> Requirement
Look below and pull out each line with the word "background".

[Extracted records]
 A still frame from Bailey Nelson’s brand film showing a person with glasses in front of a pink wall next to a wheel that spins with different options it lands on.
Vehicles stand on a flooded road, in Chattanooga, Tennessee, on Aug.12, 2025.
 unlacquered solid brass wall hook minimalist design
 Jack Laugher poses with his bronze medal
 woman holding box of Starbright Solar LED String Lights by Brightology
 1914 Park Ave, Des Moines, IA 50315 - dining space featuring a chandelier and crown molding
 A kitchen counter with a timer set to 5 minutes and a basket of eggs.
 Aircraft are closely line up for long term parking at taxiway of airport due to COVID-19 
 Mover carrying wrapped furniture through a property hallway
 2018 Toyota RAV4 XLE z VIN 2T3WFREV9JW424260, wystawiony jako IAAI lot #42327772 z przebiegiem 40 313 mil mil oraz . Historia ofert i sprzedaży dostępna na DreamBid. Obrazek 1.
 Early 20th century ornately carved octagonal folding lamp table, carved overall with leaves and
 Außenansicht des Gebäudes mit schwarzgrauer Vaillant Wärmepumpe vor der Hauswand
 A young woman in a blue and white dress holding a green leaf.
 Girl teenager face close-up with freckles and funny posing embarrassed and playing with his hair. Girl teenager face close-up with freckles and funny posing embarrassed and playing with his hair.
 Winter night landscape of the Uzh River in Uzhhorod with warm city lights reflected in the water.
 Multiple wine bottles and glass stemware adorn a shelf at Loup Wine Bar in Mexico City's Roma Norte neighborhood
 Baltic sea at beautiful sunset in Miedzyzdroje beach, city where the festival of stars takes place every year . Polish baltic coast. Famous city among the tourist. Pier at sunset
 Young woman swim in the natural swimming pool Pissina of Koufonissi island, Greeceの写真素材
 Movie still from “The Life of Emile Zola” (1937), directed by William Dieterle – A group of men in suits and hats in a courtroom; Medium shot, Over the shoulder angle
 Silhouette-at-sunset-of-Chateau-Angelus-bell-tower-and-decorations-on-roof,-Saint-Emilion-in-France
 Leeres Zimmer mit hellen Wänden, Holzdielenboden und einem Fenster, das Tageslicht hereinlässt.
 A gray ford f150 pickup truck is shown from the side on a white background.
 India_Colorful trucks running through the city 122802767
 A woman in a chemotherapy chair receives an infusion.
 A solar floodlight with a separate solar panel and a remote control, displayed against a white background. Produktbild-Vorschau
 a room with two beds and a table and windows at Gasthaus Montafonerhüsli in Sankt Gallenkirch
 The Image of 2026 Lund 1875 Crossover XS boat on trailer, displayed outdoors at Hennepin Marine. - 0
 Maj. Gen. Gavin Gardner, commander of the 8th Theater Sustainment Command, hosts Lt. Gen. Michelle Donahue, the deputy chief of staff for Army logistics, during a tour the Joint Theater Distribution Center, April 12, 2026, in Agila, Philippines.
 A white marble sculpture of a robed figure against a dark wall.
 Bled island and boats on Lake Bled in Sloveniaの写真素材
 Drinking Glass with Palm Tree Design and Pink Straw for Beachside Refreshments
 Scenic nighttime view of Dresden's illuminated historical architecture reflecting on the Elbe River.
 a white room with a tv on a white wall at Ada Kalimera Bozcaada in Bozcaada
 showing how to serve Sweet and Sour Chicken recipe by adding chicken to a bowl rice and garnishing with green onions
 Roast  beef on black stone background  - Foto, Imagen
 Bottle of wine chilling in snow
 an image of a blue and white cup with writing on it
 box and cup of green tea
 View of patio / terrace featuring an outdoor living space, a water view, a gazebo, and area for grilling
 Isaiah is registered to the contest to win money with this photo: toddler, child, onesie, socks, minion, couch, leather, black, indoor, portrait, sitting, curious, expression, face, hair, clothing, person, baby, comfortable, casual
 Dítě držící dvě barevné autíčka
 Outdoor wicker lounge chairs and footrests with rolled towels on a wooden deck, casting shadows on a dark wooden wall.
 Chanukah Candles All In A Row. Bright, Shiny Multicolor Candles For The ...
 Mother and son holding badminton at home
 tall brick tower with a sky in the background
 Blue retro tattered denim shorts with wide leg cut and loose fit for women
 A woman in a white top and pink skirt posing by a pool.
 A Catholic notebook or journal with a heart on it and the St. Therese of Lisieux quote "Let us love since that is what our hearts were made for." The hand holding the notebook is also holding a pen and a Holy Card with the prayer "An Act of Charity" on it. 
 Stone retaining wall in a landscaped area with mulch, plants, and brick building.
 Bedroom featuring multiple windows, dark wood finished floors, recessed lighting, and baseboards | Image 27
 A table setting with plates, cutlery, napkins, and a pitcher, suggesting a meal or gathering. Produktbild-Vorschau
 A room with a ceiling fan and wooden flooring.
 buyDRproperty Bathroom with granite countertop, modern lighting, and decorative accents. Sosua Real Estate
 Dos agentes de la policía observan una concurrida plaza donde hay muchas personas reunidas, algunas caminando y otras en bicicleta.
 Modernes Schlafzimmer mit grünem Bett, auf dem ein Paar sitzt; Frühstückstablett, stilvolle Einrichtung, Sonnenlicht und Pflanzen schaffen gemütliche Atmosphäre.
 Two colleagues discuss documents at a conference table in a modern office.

> Output below
 A gray ford f150 pickup truck is shown from the side on a white background.
 A solar floodlight with a separate solar panel and a remote control, displayed against a white background. Produktbild-Vorschau
 Roast  beef on black stone background  - Foto, Imagen
 tall brick tower with a sky in the background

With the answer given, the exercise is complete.